AstraZeneca Plc and Abbott Laboratories said U.S. regulators requested additional information on their Certriad heart treatment.
The drugmakers, in a statement today, didn't specify what information the Food and Drug Administration requested.
"We're not discussing any specific details," said Elizabeth Hoff, a spokeswoman for Libertyville Township-based Abbott, in a phone interview. "We're working to respond to the FDA feedback as quickly as we can."
Certriad aims to treat lipid disorders by combining two cholesterol-lowering medicines, Abbott's TriLipix and AstraZeneca's Crestor. The FDA said on March 15 that it's reviewing TriLipix after a study showed an older version of the drug, TriCor, failed to lower the risk of heart attack and stroke more than a generic cholesterol pill. Leerink Swann & Co. analysts estimate Certriad sales of almost $500 million by 2015.

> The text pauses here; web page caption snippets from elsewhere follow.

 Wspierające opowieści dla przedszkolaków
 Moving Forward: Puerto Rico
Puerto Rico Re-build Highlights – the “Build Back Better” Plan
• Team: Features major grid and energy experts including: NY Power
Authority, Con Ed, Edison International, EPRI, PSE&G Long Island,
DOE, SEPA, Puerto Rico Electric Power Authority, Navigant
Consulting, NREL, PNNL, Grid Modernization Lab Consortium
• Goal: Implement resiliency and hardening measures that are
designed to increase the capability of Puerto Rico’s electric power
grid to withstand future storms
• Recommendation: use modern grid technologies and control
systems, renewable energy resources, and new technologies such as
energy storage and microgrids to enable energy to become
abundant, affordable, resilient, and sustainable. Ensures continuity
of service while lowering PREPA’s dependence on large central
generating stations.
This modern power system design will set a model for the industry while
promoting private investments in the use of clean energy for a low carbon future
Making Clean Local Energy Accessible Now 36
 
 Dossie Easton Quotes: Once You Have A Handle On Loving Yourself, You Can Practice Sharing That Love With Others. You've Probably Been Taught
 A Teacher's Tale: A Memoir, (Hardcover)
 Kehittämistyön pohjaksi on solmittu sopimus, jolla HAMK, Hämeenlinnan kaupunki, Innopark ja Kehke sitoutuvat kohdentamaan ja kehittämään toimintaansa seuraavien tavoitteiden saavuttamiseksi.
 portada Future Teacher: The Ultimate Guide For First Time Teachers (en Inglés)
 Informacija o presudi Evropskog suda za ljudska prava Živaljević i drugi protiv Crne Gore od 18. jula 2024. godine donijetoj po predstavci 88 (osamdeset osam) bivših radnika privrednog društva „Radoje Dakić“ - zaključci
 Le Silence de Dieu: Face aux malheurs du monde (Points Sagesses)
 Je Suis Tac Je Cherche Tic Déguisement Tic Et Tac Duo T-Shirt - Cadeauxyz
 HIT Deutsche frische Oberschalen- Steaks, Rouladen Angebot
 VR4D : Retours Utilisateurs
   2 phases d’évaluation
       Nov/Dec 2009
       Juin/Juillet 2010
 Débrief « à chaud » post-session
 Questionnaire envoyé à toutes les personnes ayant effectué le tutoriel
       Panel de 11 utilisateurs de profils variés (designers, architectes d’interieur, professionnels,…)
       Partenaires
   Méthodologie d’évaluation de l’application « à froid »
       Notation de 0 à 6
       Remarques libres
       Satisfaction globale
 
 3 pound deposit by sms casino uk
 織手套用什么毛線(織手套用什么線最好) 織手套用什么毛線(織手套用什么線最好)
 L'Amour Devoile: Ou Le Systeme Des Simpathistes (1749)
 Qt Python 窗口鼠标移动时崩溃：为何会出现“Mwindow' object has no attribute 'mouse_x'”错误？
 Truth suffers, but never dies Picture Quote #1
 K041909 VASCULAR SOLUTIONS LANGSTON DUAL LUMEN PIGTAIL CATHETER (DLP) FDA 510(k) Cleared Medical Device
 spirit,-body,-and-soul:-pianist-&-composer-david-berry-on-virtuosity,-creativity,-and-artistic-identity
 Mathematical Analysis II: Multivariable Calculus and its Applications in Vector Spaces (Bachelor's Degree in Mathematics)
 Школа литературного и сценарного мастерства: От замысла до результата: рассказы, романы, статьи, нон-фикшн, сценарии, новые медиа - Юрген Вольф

Abbott said in October that it expects approval of Certriad in the first half. Both companies are betting that the drug will help offset sales lost to generic rivals. Crestor, London-based AstraZeneca's third-best seller, generated $4.5 billion in sales in 2009. Teva Pharmaceutical Industries Ltd. may introduce a copy of Abbott's TriCor in 2012.
The FDA request "will likely delay approval beyond Abbott's mid-2010 target," Rick Wise and Danielle Antalffy, analysts at Leerink Swann in New York, wrote in a note to clients today. "Though our mid-2011 launch timeline still seems achievable to us, any delay in Certriad approval is a setback."
AstraZeneca shares fell 38.5 pence, or 1.3 percent, to close at 2,941.5 pence in London trading. Abbott fell 16 cents, or 0.3 percent, to $52.97 at 12:23 p.m. in New York Stock Exchange composite trading.